Collections Cretaceous Period
Visitors 36,962 (2020)

Australian Age of Dinosaurs Ltd (AAOD) is a not for profit organisation located in Winton, Queensland and founded by David Elliott and Judy Elliott in 2002. The organisation's activities include operation of the Australian Age of Dinosaurs Museum of Natural History (the Museum) which holds annual dinosaur digs in the Winton Formation of western Queensland and oversees the year-round operation of Australia's most productive dinosaur fossil preparation laboratory. Since 2005, the AAOD Museum has accumulated the largest collection of Australian dinosaur fossils in the world and holds the holotype specimens of Diamantinasaurus matildae ("Matilda"), Savannasaurus elliottorum ("Wade"), Australovenator wintonensis ("Banjo"), Australia's most complete theropod skeleton and Ferrodraco lentoni, the first pterosaur to be named from the Winton Formation. The museum is open to the public daily from April to October and open six days (closed Sundays) from November to March. The site of the museum was designated a dark-sky preserve, the first International Dark-Sky Sanctuary in Australia, in 2019.
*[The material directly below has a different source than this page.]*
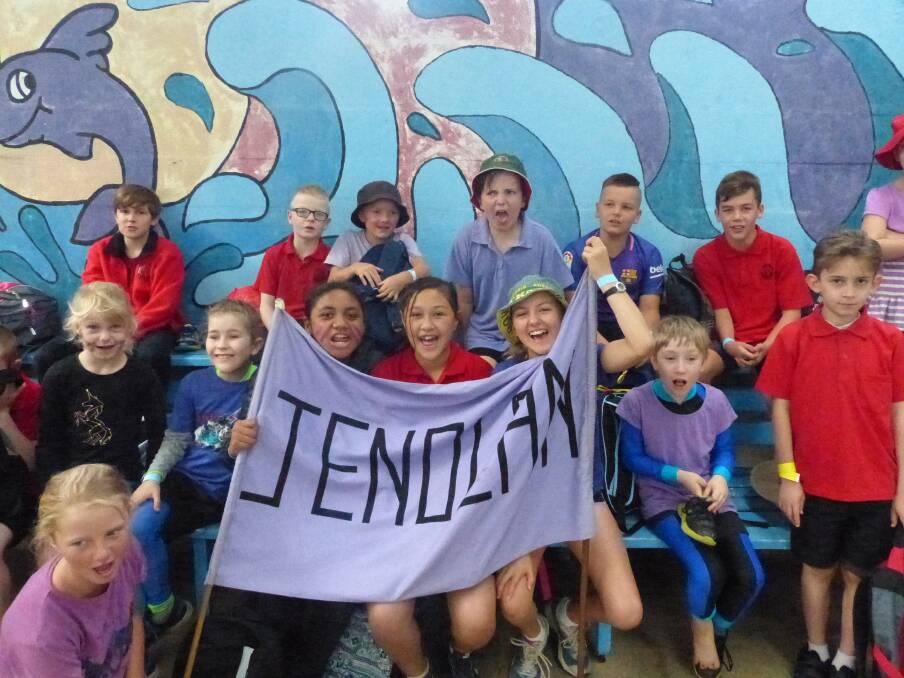 CHEER SQUAD: Jenolan was the winning house at the Oberon Public swimming carnival.
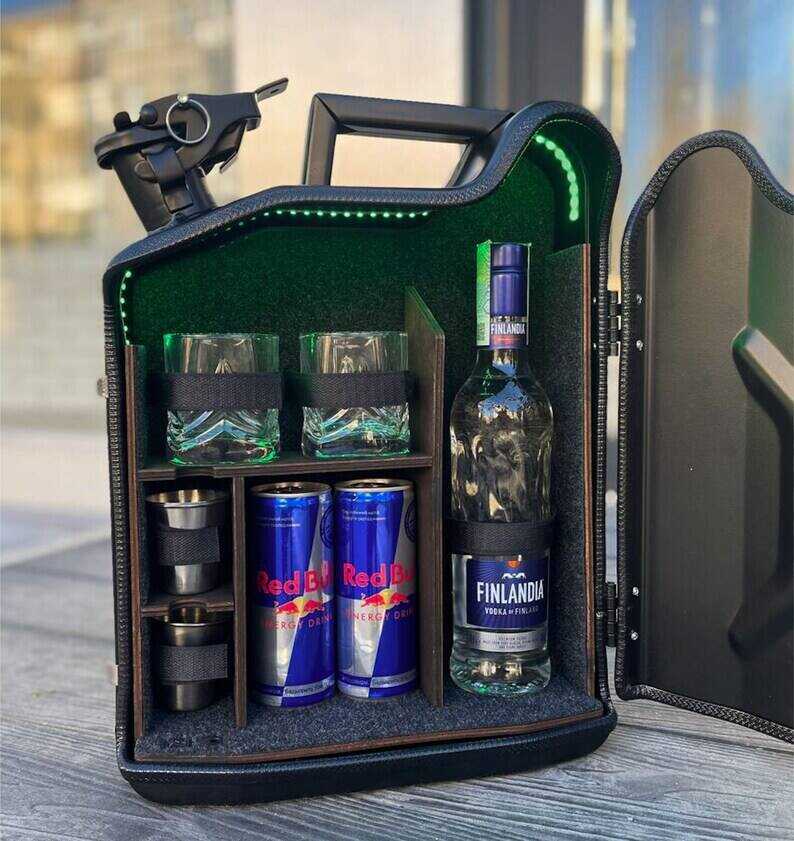10 L Personal Jerry Can Mini Bar With Vodka Glasses and Illumination Inside, Custom Fuel Bar, Canister Mini Bar, Camping Bar, Home Bar Set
The AAOD Museum is located on top of a large mesa named 'The Jump-Up' which is 24 km south-east of Winton, and 600 km south-west of Townsville. Visitors travelling from Longreach, drive northwest along the Landsborough highway for 164 km before turning left onto Dinosaur Drive. From the highway, it is a further 11 km to the Museum on a sealed road. Caravans can be towed to the top of the Jump-Up, although the Museum has provided an unhitching area at the base of the mesa for visitors towing a caravan with a small 2WD vehicle.


In 1999 David Elliott, discovered the fossilised bone of what was, at the time, Australia's largest dinosaur while mustering sheep on his property Belmont near Winton. This bone was later identified as part of a giant femur from a Cretaceous sauropod that roamed the Winton area 95 million years ago. Following the discovery of more fossils during digs held in conjunction with the Queensland Museum, David Elliott and Judy Elliott called a public meeting in Winton on 17 August 2002 in view of establishing a dinosaur museum at Winton.

On 25 October 2002, 'Australian Age of Dinosaurs Incorporated', commenced operations as a not-for-profit organisation aimed at ensuring future dinosaur digs and the preparation and conservation of dinosaur fossils from the Winton Formation could continue. The organisation, with support from a strong member's volunteer base, began the initial stages of developing a major tourism attraction in the form of a dinosaur museum so that the discoveries could be preserved for perpetuity and be available to the public. While mustering sheep in March 2005, David Elliott discovered a new dinosaur site on Belmont and a subsequent dig in September uncovered the remains of one of Australia's most complete sauropod skeletons. A total of 17 pallets of fossil bones trapped in a fine siltstone rock were recovered and stored in the Belmont shed. The dinosaur was nicknamed "Wade", in posthumous honour of Australian Palaeontologist Dr Mary Wade who died during the dig.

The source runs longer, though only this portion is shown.